[Web page caption snippets]

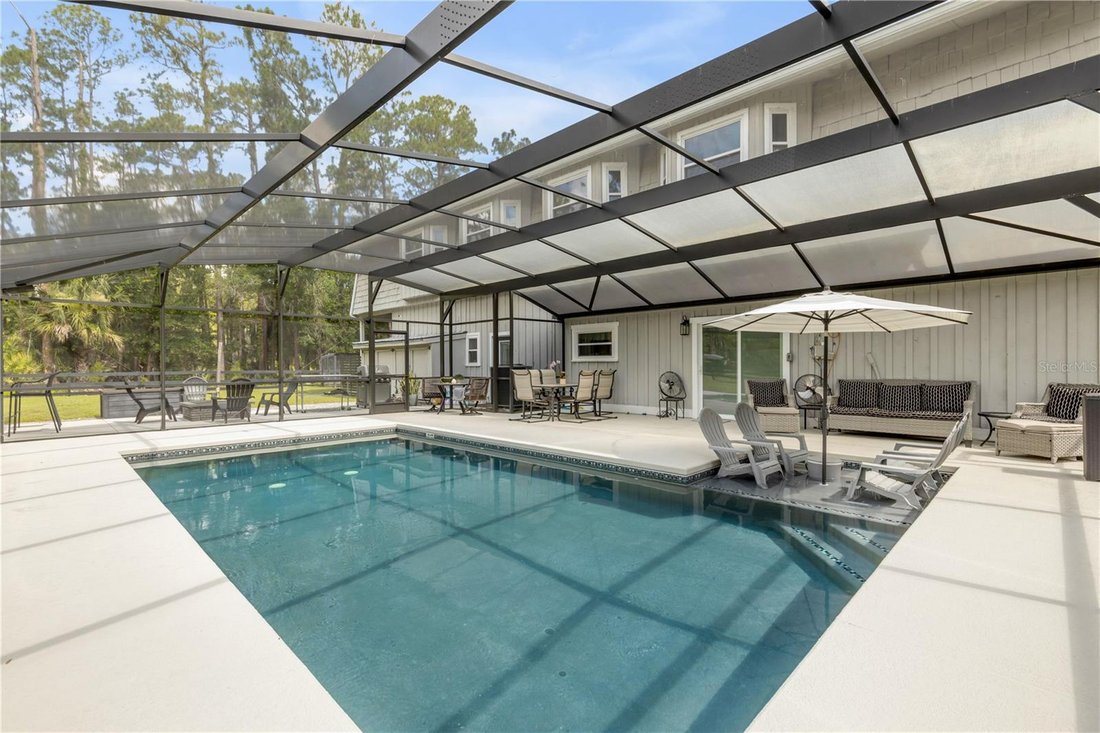 House in Port Orange, Florida, United States 3 - 18207578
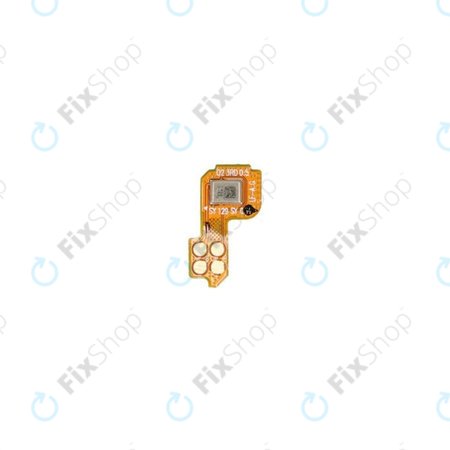 Samsung Galaxy Z Fold 3 F926B - Câble microphone flexible - GH59-15483A Genuine Service Pack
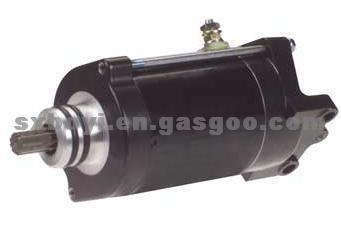 Starter Motor LESTER:18330 WAI:2-2148 AEP:SMU0023 PIC:191-011Ref. No: 18330N-K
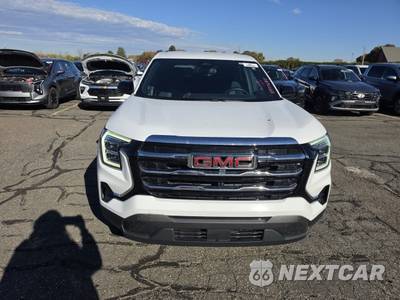 2026 GMC Terrain Elevation 3SA - zdjęcie 10 z 24 - miniatura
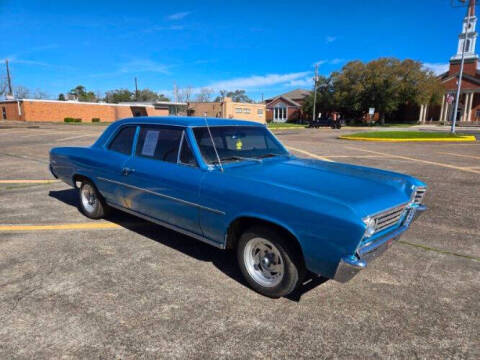 1967 Chevrolet Chevelle
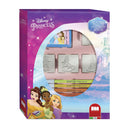 Disney Princess Stempelset met 4 Stempels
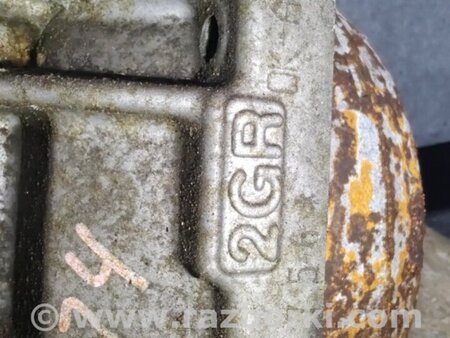 ФОТО Двигатель на запчасти ( под ремонт ) для Toyota Avalon XX30 (12.2004-10.2012) Київ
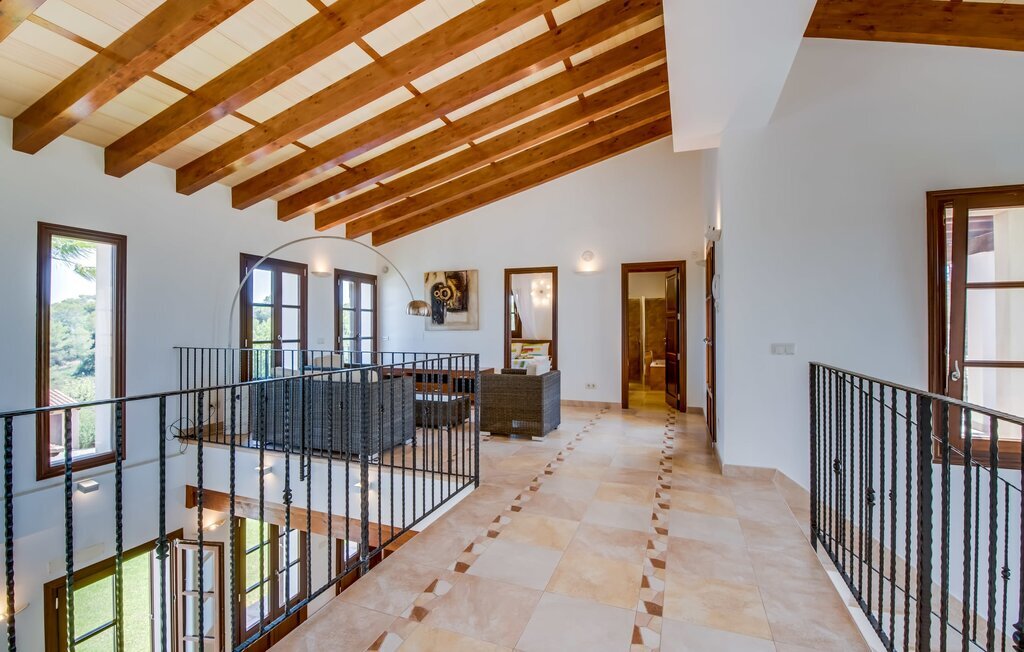 Son Blavet, Maison 10 personnes à Porto Cristo - Photo 20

Task details ▸
Restate word for word only the lines that run from the line holding "ФОТО Двигатель на" to the end of the data, both ends kept, leaving every picture out.

Exercise output ▸
 ФОТО Двигатель на запчасти ( под ремонт ) для Toyota Avalon XX30 (12.2004-10.2012) Київ
 Son Blavet, Maison 10 personnes à Porto Cristo - Photo 20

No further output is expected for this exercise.